The New Year inevitably brings the third round of the FA Cup, which is a unique day in the footballing calendar and unlike any other in world football. It provides some harmless nostalgia to remind Premier League fans of yesteryear and allows lower league fans to sample Premier League football for the day. For the sake of English football, it’s imperative we hold on to its heritage.
Nowadays, the early rounds of the FA Cup are generally used by Premier League clubs to give fringe players an opportunity to gain match sharpness or put themselves in the shop window whilst key players recuperate after a frantic Christmas period. Who can blame Premier League managers for doing so? Their club’s league position at the end of the season is what they’re judged on and what provides an income for the club. A good cup run is considered by most as only a bonus and not a priority. But should it be this way?
For a club like ours, maybe it should. I’m a fan of the FA Cup but I understand that even for the largest of squads, a long cup run can really challenge the resources available. How often have you heard fans, players and managers referring to their exit from a cup competition as the perfect opportunity for them to concentrate on the league? It may only be a silver lining, but it’s a very valid point. Why should teams risk their final league position for the sake of a day out to Wembley?
I think the attraction of the FA Cup is mainly for lower league clubs, especially during the early rounds obviously. For Premier League clubs, the prospect of facing Bournemouth at home for example isn’t particularly attractive as it could easily be a stumbling block, the best that can come out of the match is an expected win, the worst case scenario is far worse.
The best cup ties for clubs like ours, in my opinion, are away ties at local lower division grounds. This is why I’m quite excited about the prospect of facing Macclesfield away in the next round (providing we negotiate the replay at Bournemouth successfully). The Moss Rose is a very quaint stadium which will represent for many the journey Wigan Athletic has been on in recent decades. The stadium itself isn’t dissimilar to Springfield Park in terms of capacity, the thought of an open away terrace in what will inevitably be heavy rainfall shouldn’t be an attractive one, but for many it’ll be a throw back to Wigan’s third division days. For those old enough, it might even be reminiscent of when Wigan faced the likes of Macclesfield in the old Cheshire league.

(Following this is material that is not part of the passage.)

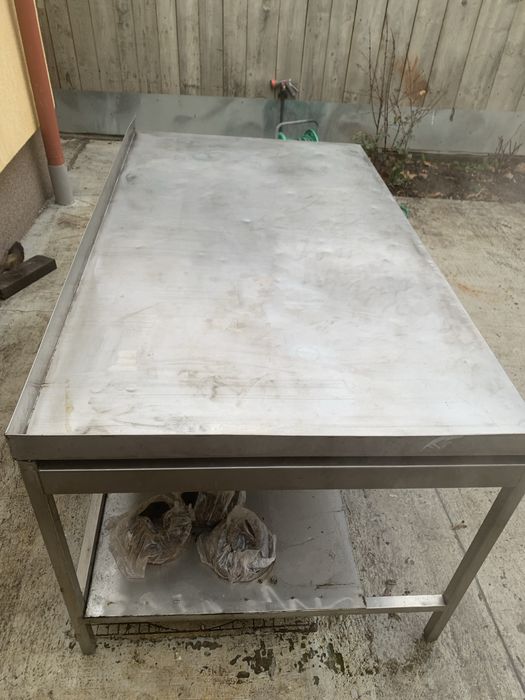 Masa de inox 1750x950 mm.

I can’t imagine the same could be said for a Chelsea fan however, who would probably consider such a tie as an inconvenience more than anything. They’re used to playing against Barcelona and co in the Champions League, why should a trip to Macclesfield be anything other than unattractive and boring?
Some may put that argument forward as to why the FA Cup maybe isn’t as magical as people claim. I’d reject this theory however, there really isn’t another competition like the FA Cup.
I’m not saying that because I’m a typical proud, elitist Englishman who considers the Premier League and everything about the English game to be superior to our foreign counterparts, but I genuinely think the FA Cup is a vital part of making our country so famous for its football. As the oldest football competition in the world, you can’t deny it has the most heritage. Yet as previously mentioned, the ever increasing pressures of modern football are putting it at risk. Even the competition itself is becoming commercialized as football evolves into an ever more business like environment with sponsorship deals with EON and now Budweiser.
Why should the FA Cup be considered the best cup competition? Well for a kick off, cup upsets occur every year in the FA Cup, without fail. In Spain, if a La Liga club like Barcelona draw a lower league club in the Cope Del Rey, then they’re fully expected to hammer them 8-0, and the invariably do. This is probably down to the emphasis on the technical side of the game in Spain. Obviously, Messi, Iniesta, Xavi and co will be far superior technically to their part time team mates and will roll them a side quite comfortably.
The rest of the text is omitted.